Desde pequeño, los padres de Camus le inculcaron el deseo de convertirse en miembro de la Guardia Real. Creció convencido de que no habría mayor orgullo que el de servir al Príncipe de Vere y que todos sus esfuerzos deberían enfocarse en alcanzar su meta. A pesar de no formar parte de la aristocracia vereciana, sus padres eran lo suficientemente acaudalados como para ofrecerle a su único hijo la mejor educación posible. Su aprendizaje no se limitó al combate, sino que también estudió historia, geografía e incluso política. Sus tutores se aseguraron de que aprendiese estrategia militar, cómo manejarse entre las tropas y cómo dirigirlas. Camus trabajaba con entusiasmo y esperaba que sus conocimientos algún día lo condujeran a la capital, Arles. Él vivía varios kilómetros hacia el sur, cerca de la frontera con el país enemigo de Akielos, y sabía que tendría que esforzarse mucho para algún día ser recibido en el palacio real.

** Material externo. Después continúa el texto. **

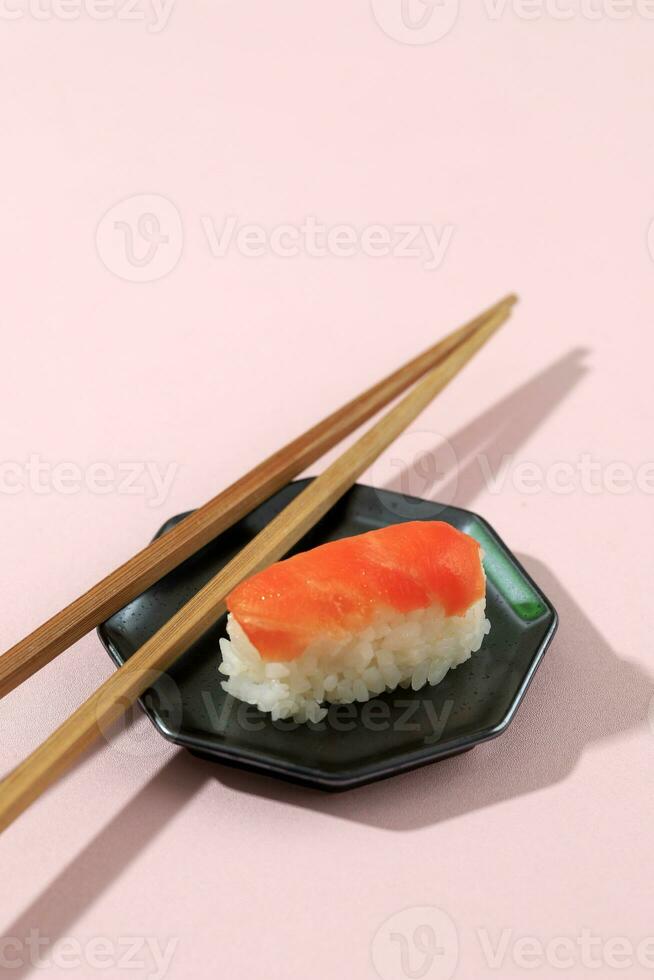 Nigiri Salmon Sushi on Pink Table photo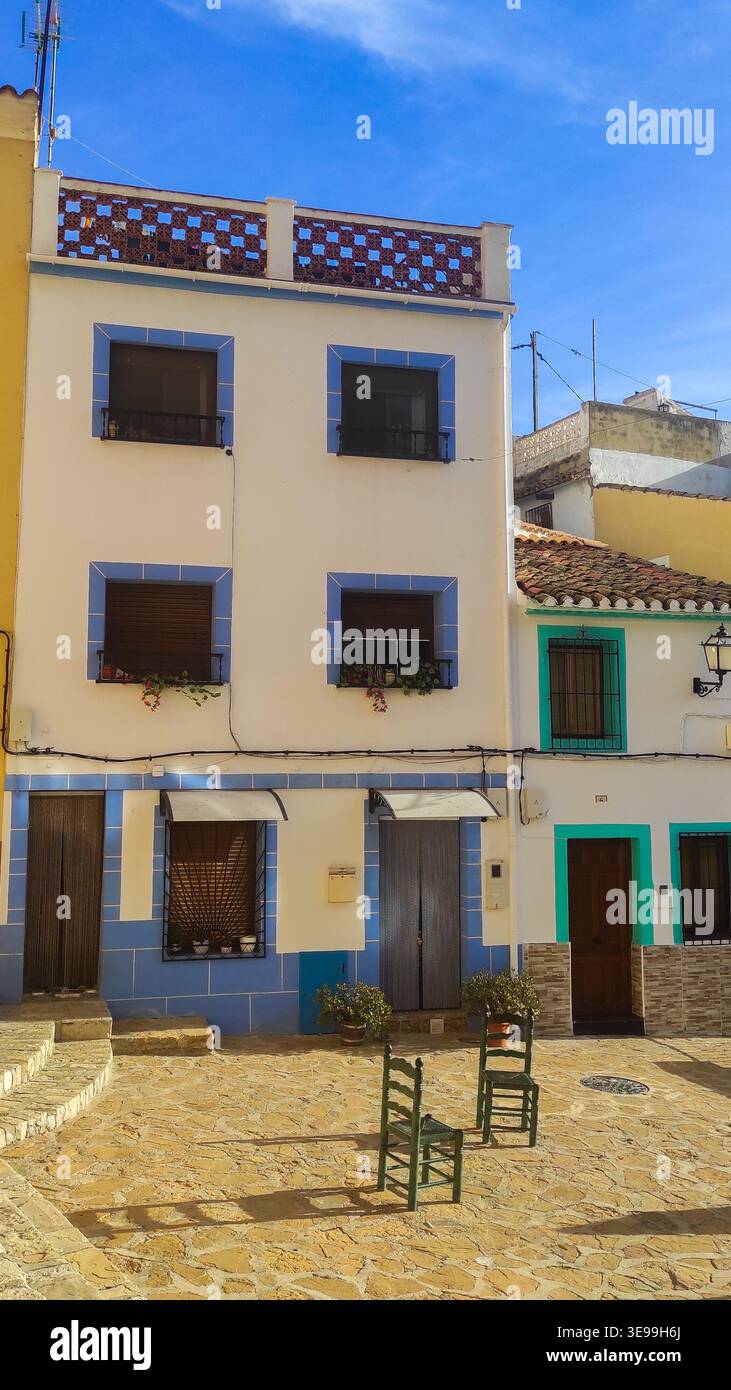 Malerische weiße und blaue Gebäude säumen eine sonnenbeschienene Kopfsteinpflasterstraße in Altea, Spanien, die Reisende zu einem entspannten Familienurlaub einladen Stockfoto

Sus padres no tenían conexiones en la capital y Camus tuvo que hacerse camino por sí mismo, a través de pequeñas campañas militares en el sur. Poco a poco sobresalió entre sus compañeros, tanto por su astucia en el campo de batalla como por su habilidad con la espada. Camus era un gran estratega que adivinaba las intenciones del enemigo desde antes de que los batallones iniciaran su marcha y en solo unos cuantos años logró ascender a grado de capitán en el modesto regimiento sureño.

Camus solo estuvo listo para ofrecerle sus servicios al Príncipe cuando cumplió los veintidós años. A esa edad había comprendido que su familia únicamente deseaba verlo en Arles en espera a que algún día fuese condecorado con un título nobiliario. Aunque el oficio de mercader podía generar mucho dinero, los títulos lo eran todo en un país como Vere. Su familia nunca alcanzaría el prestigio que deseaba hasta que ganara el favor del Príncipe y un lugar en su corte. Camus comprendía los deseos de su familia y, hasta cierto punto, los respetaba, pero si decidió marchar hacia la capital fue únicamente para demostrar su valía como protector de la nación.

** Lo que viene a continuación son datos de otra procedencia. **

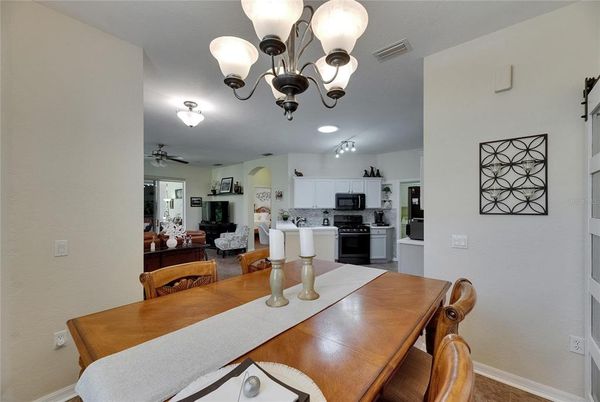 Chandelier, Dining room, Interior, Kitchen, Living room, Stainless Steel Appliances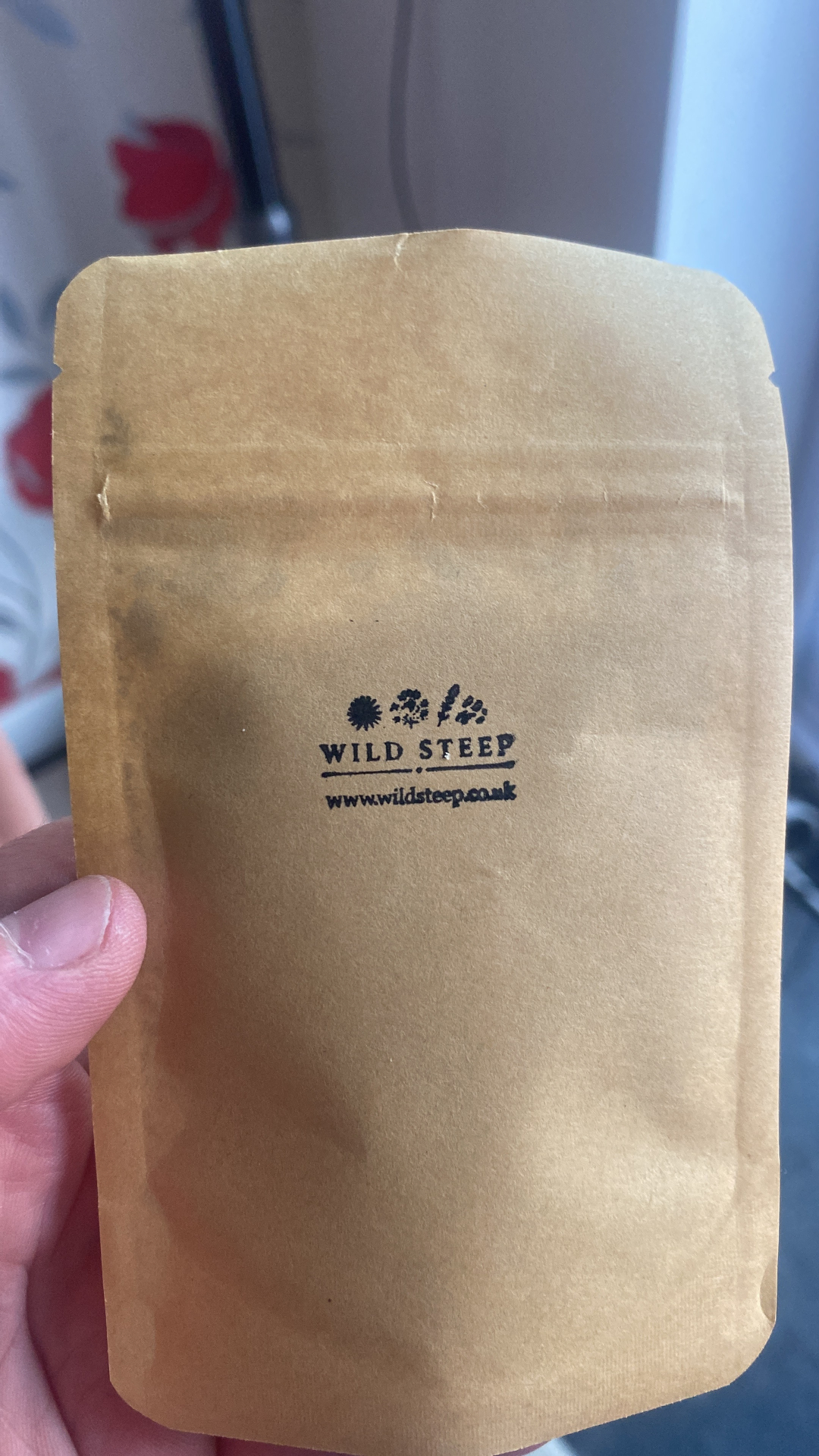 A Wild Steep kraft pouch stamped by hand with the botanical mark and logo.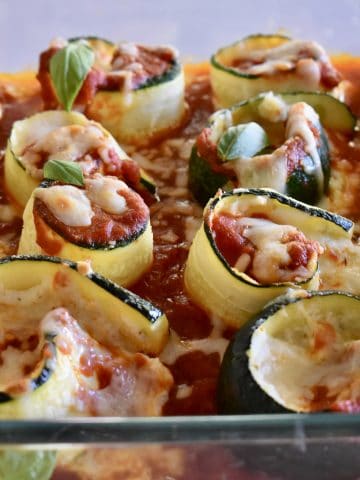 Zucchini Ricotta Roll Ups in a glass pan with basil leaves on top.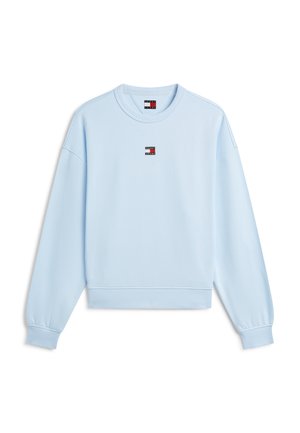 Sweat-shirt bleu clair à manches longues avec col rond, poignets et bas côtelés, avec un petit logo Tommy Jeans sur la poitrine et une étiquette au niveau du col.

Partió hacia Arles con poco más que su caballo y una carta de recomendación de su general. Viajó por varios días hasta llegar a una posada a las afueras de la capital, donde escuchó que el Príncipe ya no se encontraba en la ciudad. El Regente, encargado de dirigir el país hasta que el joven Príncipe cumpliese los veintiún años y pudiese ser coronado rey, confiscó sus tierras y legiones con excusa de disciplinarlo. Como tío del futuro rey, insistió en que era su deber inculcarle amor y respeto hacia su patria, y decidió que no habría mejor modo para hacerlo que enviándolo a una expedición a la frontera sur. La zona era inestable, llena de ladrones e incursiones de las tropas akielenses. Por si fuese poco, el Príncipe no viajaría con sus propias tropas, sino con una exigua guardia de soldados inexpertos, muchos de ellos fieles al Regente. Era claro para Camus —y para muchos otros— que aquella era una sentencia de muerte. El Príncipe moriría en la frontera, fuese en batalla o a manos de un traidor, y entonces el Regente sería coronado como el nuevo rey de Vere.

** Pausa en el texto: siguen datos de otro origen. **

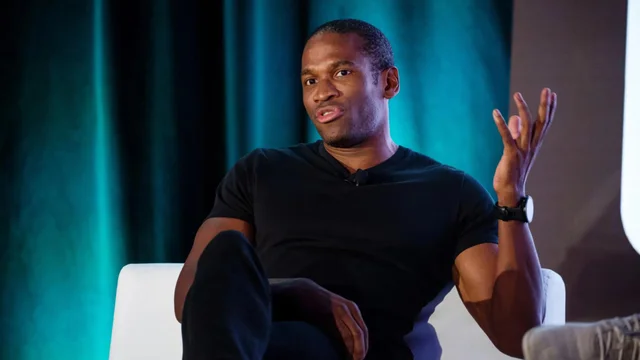 Arthur Hayes sentado, hablando y gesticulando durante una entrevista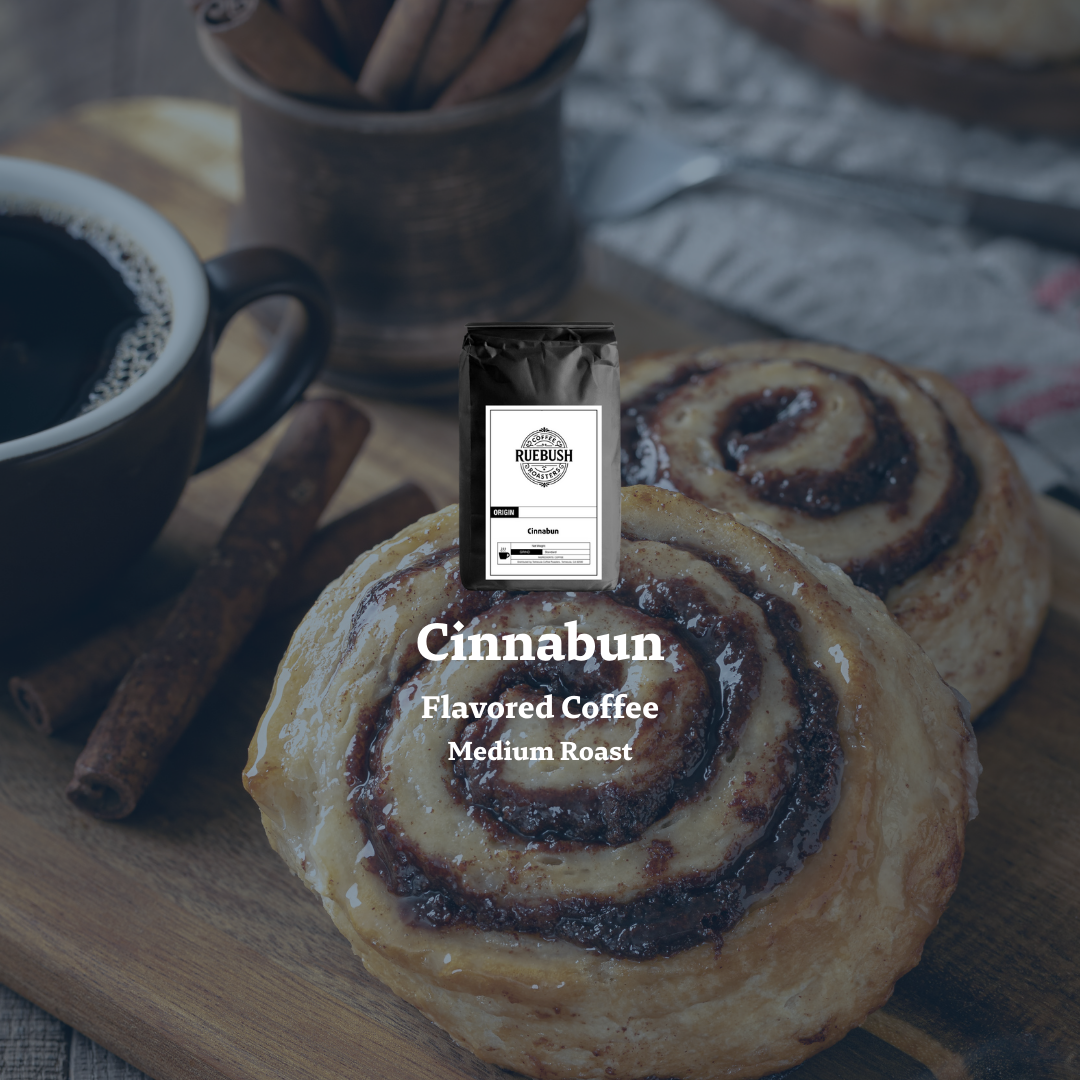 Cinnabun flavored coffee package with cinnamon rolls and a cup of coffee on a wooden surface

Camus hizo todo lo posible para ir en su ayuda. No obstante, el Regente ya había ejecutado su estrategia y todos los regimientos fieles al Príncipe fueron sitiados. Se les cortó el suministro de comida, dinero y armas, y cualquier indicio de insurrección era castigado con la muerte. Su diplomacia le permitió librarse de esta, pero de poco le serviría al Príncipe mientras estuviese desarmado y lejos de él.

Afortunadamente, lo inesperado ocurrió y el Príncipe se alió con el Rey de Akielos. Juntos derrotaron a las tropas del Regente, castigaron a los traidores e incluso unieron a ambos países en una alianza. Vere y Akielos se convirtieron en un solo país, terminando así con las batallas por conquista de territorio y ampliando las rutas comerciales. Marlas, ciudad ubicada entre ambos países, se convirtió en la nueva capital y fue ahí a donde Camus tuvo que viajar para seguir adelante con su sueño.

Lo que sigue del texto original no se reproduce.